Return the data below exactly, but only from the line containing "Pikkukuva 1 /" through the line containing "VW JETTA III", with both of those lines included.

*** Opening of Extracted information ***

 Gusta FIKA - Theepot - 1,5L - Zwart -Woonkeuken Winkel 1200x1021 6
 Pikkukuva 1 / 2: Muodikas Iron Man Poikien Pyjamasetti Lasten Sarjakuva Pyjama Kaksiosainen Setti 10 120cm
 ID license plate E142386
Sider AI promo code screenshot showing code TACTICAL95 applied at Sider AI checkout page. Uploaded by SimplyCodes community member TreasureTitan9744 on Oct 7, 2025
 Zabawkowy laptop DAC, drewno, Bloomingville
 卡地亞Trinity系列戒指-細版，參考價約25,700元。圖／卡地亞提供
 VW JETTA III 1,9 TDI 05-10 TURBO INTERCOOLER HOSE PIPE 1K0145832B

*** Close of Extracted information ***
*** Opening of Extracted information ***

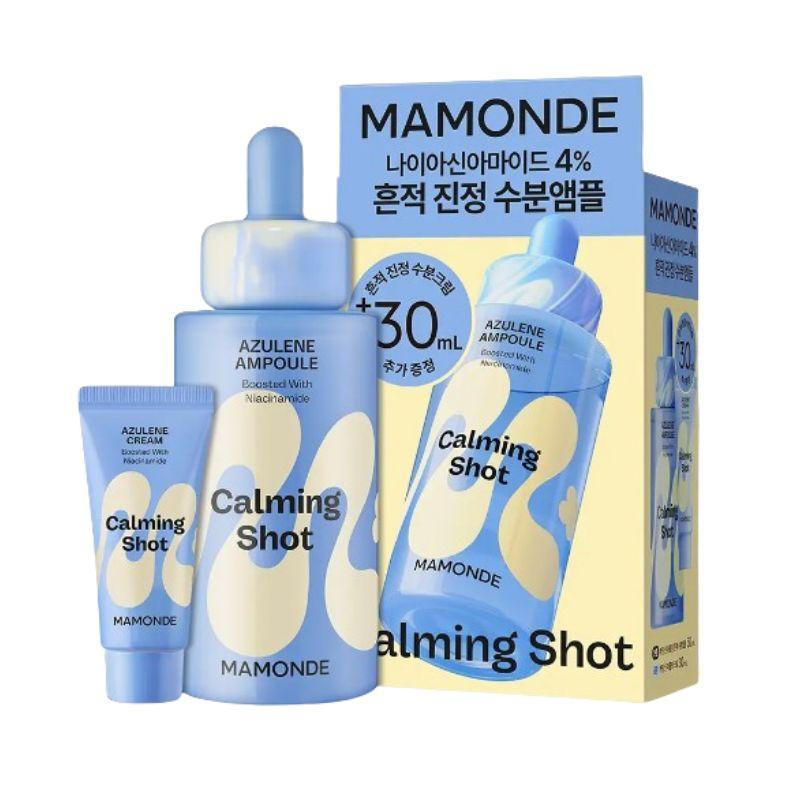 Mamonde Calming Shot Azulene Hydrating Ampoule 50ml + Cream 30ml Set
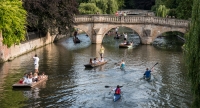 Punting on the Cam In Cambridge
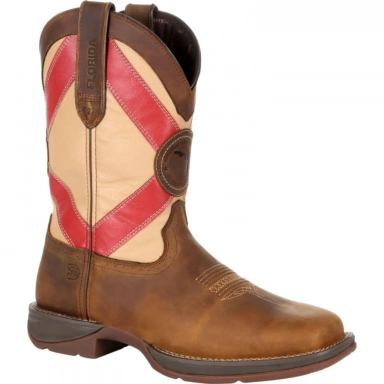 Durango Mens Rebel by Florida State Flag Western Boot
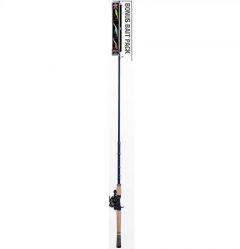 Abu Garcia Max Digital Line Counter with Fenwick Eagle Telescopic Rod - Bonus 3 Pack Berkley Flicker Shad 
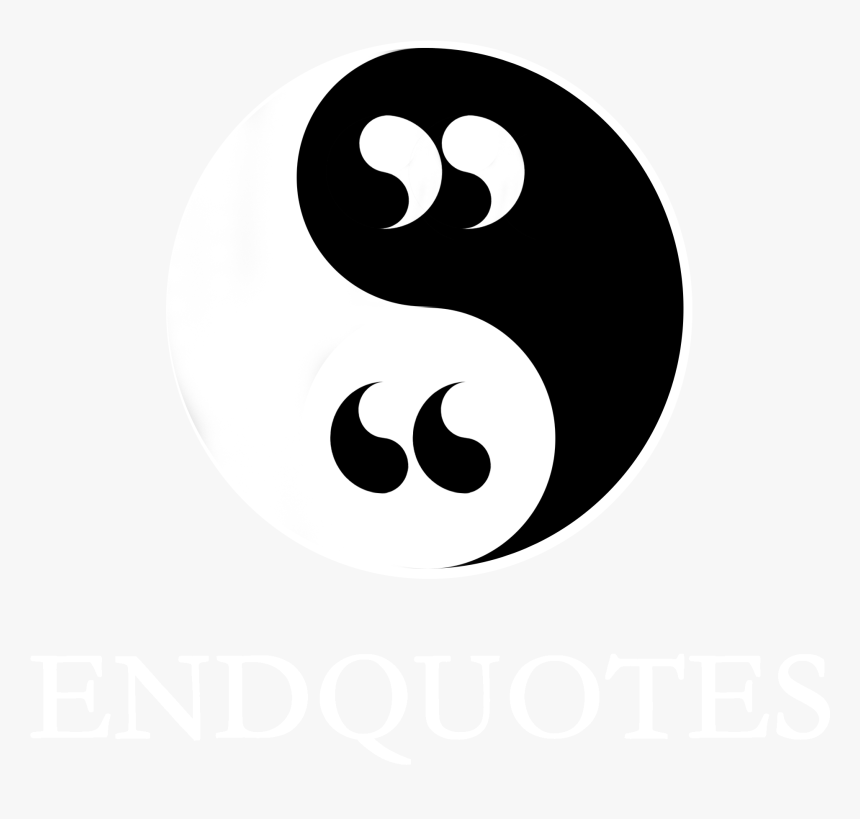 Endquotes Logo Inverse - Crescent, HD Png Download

*** Close of Extracted information ***
*** Opening of Extracted information ***

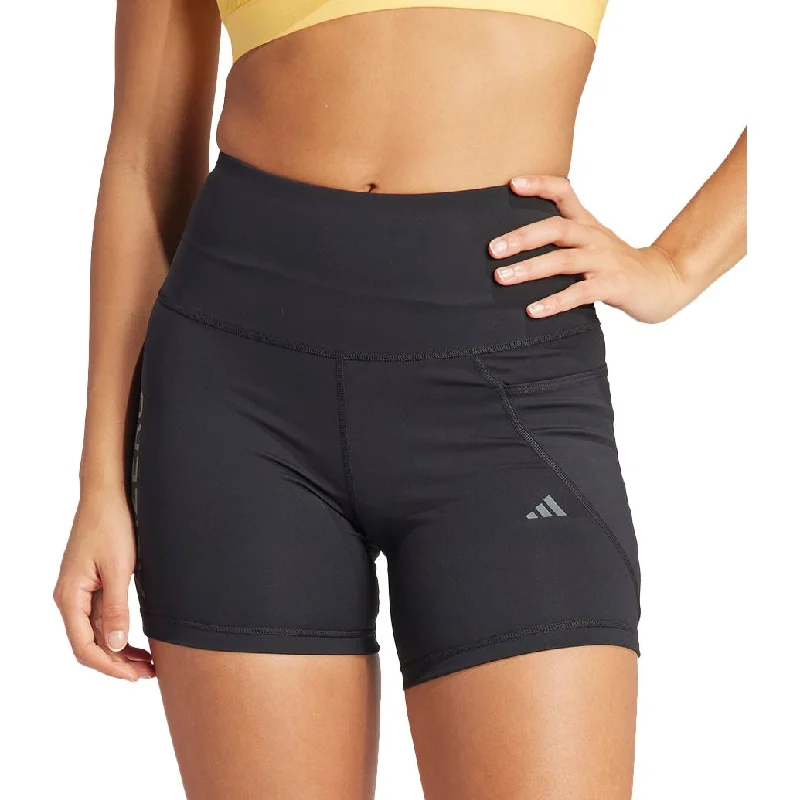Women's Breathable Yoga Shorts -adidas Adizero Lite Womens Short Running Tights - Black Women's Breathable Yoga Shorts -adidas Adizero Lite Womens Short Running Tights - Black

*** Close of Extracted information ***

__Your solution__
 Pikkukuva 1 / 2: Muodikas Iron Man Poikien Pyjamasetti Lasten Sarjakuva Pyjama Kaksiosainen Setti 10 120cm
 ID license plate E142386
Sider AI promo code screenshot showing code TACTICAL95 applied at Sider AI checkout page. Uploaded by SimplyCodes community member TreasureTitan9744 on Oct 7, 2025
 Zabawkowy laptop DAC, drewno, Bloomingville
 卡地亞Trinity系列戒指-細版，參考價約25,700元。圖／卡地亞提供
 VW JETTA III 1,9 TDI 05-10 TURBO INTERCOOLER HOSE PIPE 1K0145832B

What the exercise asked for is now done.